Keywords : Andropogon ascinodis, Andropogon ascinodis, soil fertility, artificial fallows, soudanian zone

1. Introduction

1L’un des objectifs pratiques de la mise en jachère est de restaurer la fertilité des sols cultivés. La stratégie de la jachère naturelle de longue durée (20 à 30 ans) a été développée de longue date par les paysans africains pour pallier la baisse du niveau de fertilité des sols cultivés.

2La capacité de la jachère naturelle de longue durée à restaurer la fertilité des sols a été bien établie par de nombreux auteurs (Jean, 1975 ; Sédogo, 1981 ; Pieri, 1991 ; Zoungrana, 1993 ; Hien et al. 1993 ; Somé, 1996). En effet, les différents travaux comparant les systèmes de culture et de jachère ont toujours montré que, dans les sols cultivés, le bilan annuel des éléments nutritifs est négatif et que, à l’inverse, le bilan sous jachère est positif (Moreau, 1983 ; Feller et al., 1993 ; Somé, 1996). En jachère arborée, l’expression de la disponibilité en éléments nutritifs peut être la biomasse plus qu’une analyse de sol. Cependant, suite à la forte pression anthropique qui entraîne une surexploitation des ressources naturelles, cette phase de jachère a tendance à être raccourcie avec des systèmes de mise en repos de courte durée qui ne suffisent plus à reconstituer le potentiel de fertilité des sols.

3Dans les successions post-culturales, les différents flux et stocks de matière organique sont très dépendants de la nature du couvert végétal et de l’importance de celui-ci  (Greenland, 1959 ; Hoefsloot et al., 1993 ; Somé, 1996).

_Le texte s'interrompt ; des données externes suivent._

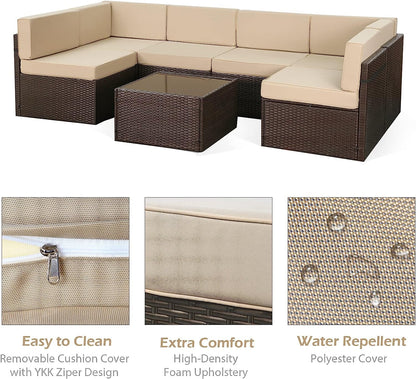 YODOLLA 7 Pc Patio Furniture Set in Beige Cushion& Black PE Rattan Outdoor Sectional Sofa Couch Patio Conversation Set with Table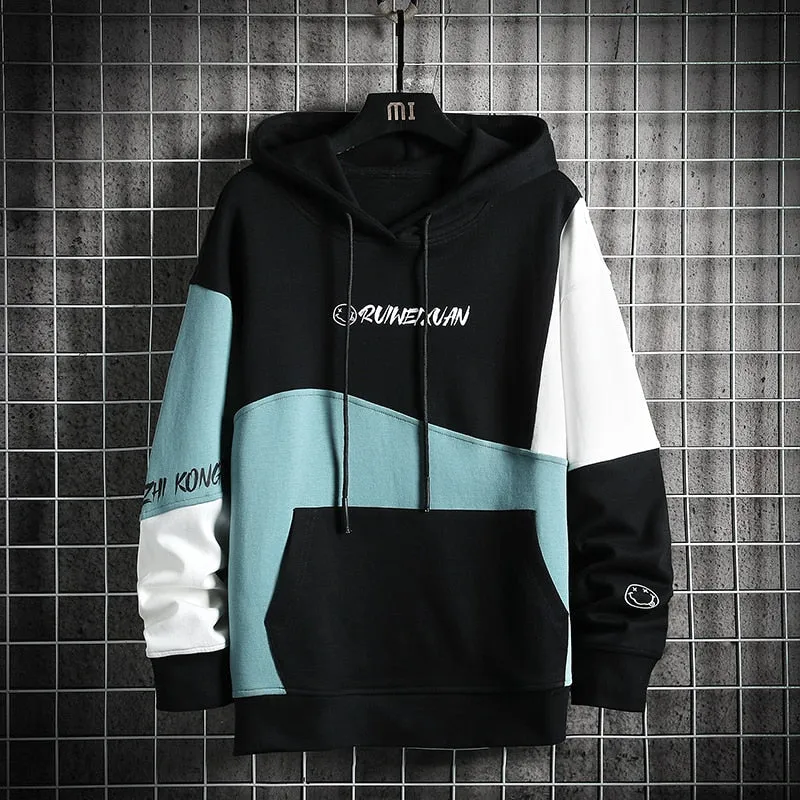 RUIWEIXUAN Contrast Color Hoodie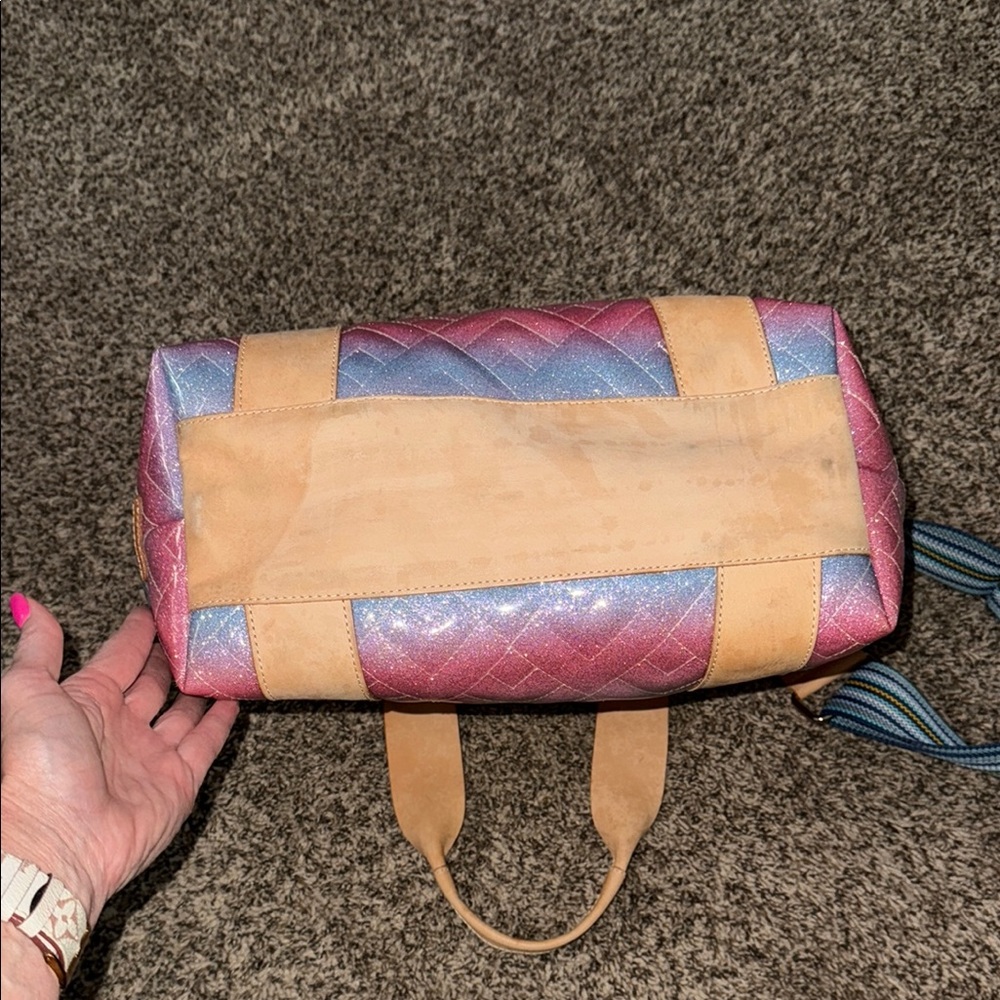 Consuela Pink Blue Ombre Quilted Tote with Tan Straps - Picture 3 of 6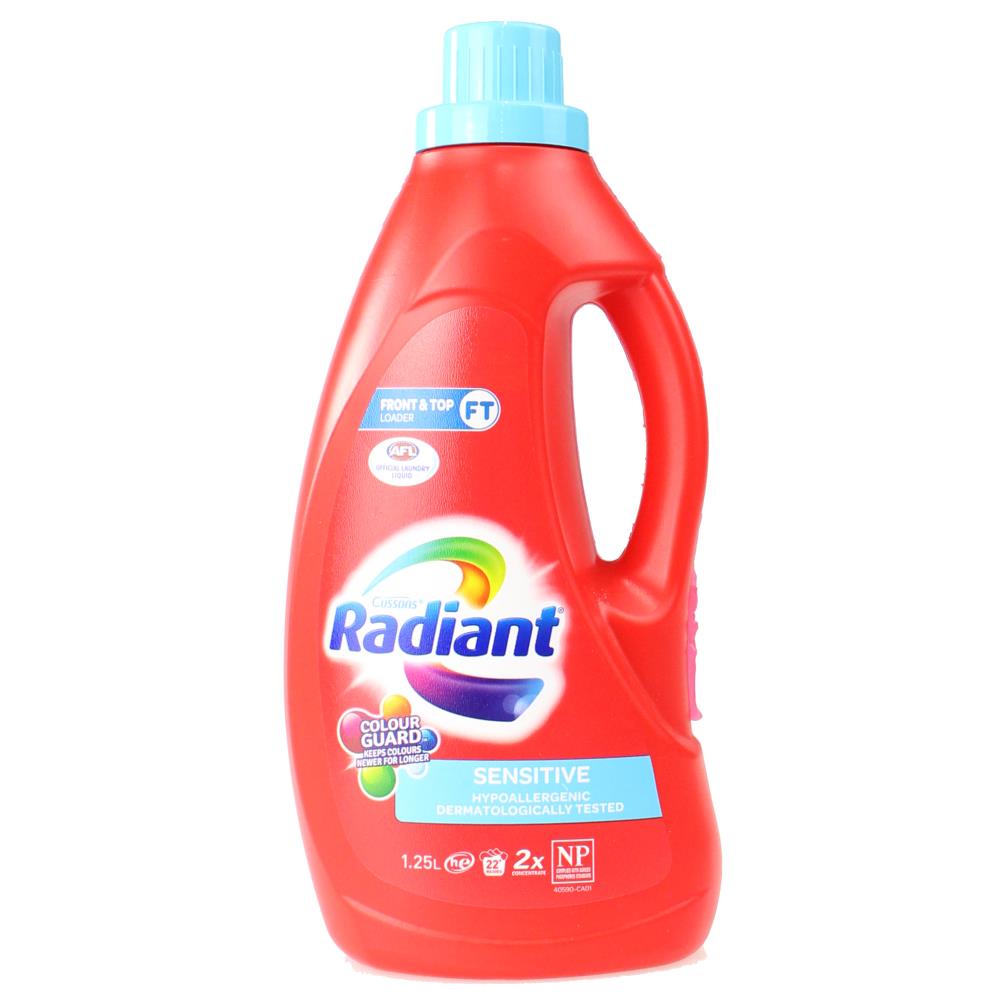 Radiant Laundry Liquid Front Sensitive - 1.25 Litre 1 Piece - Dollars and Sense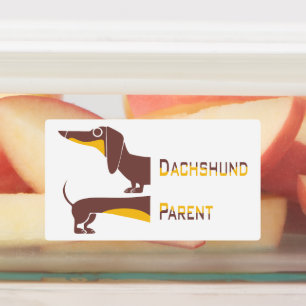 Grappig schattig teckel voor lange hond ouder labels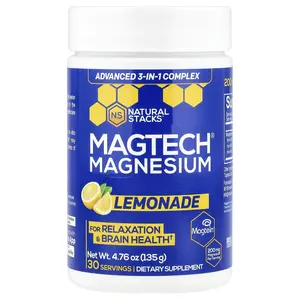 Natural Stacks MagTech® Magnesium, Lemonade, 4.76 oz (135 g)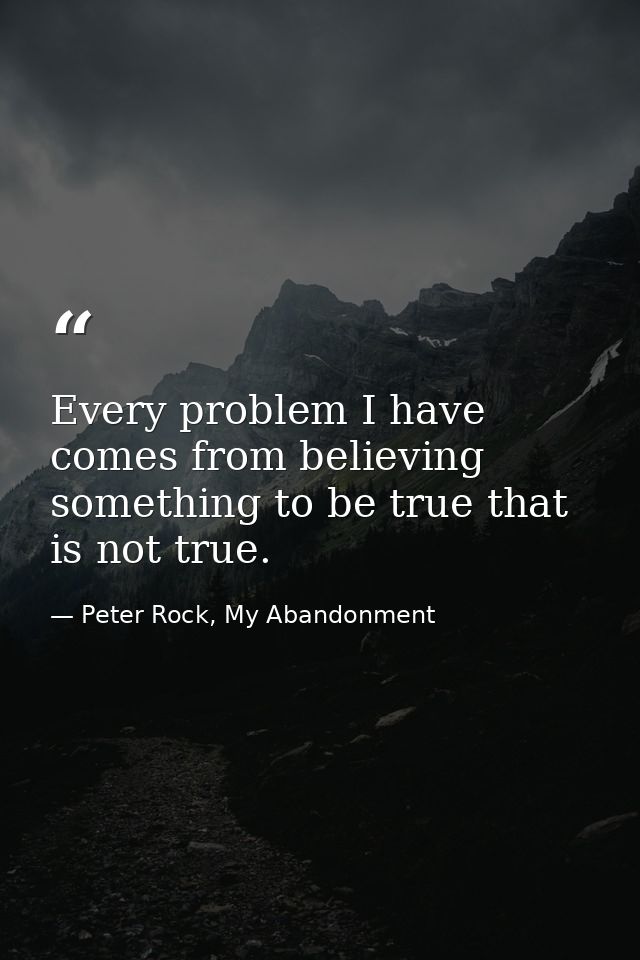 Every problem I have comes from believing something to be true that is not true. — Peter Rock, My Abandonment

En zone soudanienne, dans une précédente étude, nous avions montré que le signal isotopique de la matière organique du sol (les abondances en 13C exprimées en valeur d 13C) est plus proche de celui des herbacées que de celui des ligneux (Somé, 1996).

4En zone soudanienne, Andropogon gayanus Kunth. var. bisquamultus et Andropogon ascinodis CBCl sont des graminées pérennes très présentes dans les jachères naturelles de 6 à 30 ans. Ce sont des espèces indicatrices d’une bonne fertilité du sol (Somé et al., 1999), aux propriétés nettoyantes (elles éliminent les adventices) et aux effets structurants au niveau des sols (Somé, 1996 ; Blic, Somé, 1997 ; Buldgen, Dieng, 1997 ; Djimadoum, 1999 ; Somé et al., 2000).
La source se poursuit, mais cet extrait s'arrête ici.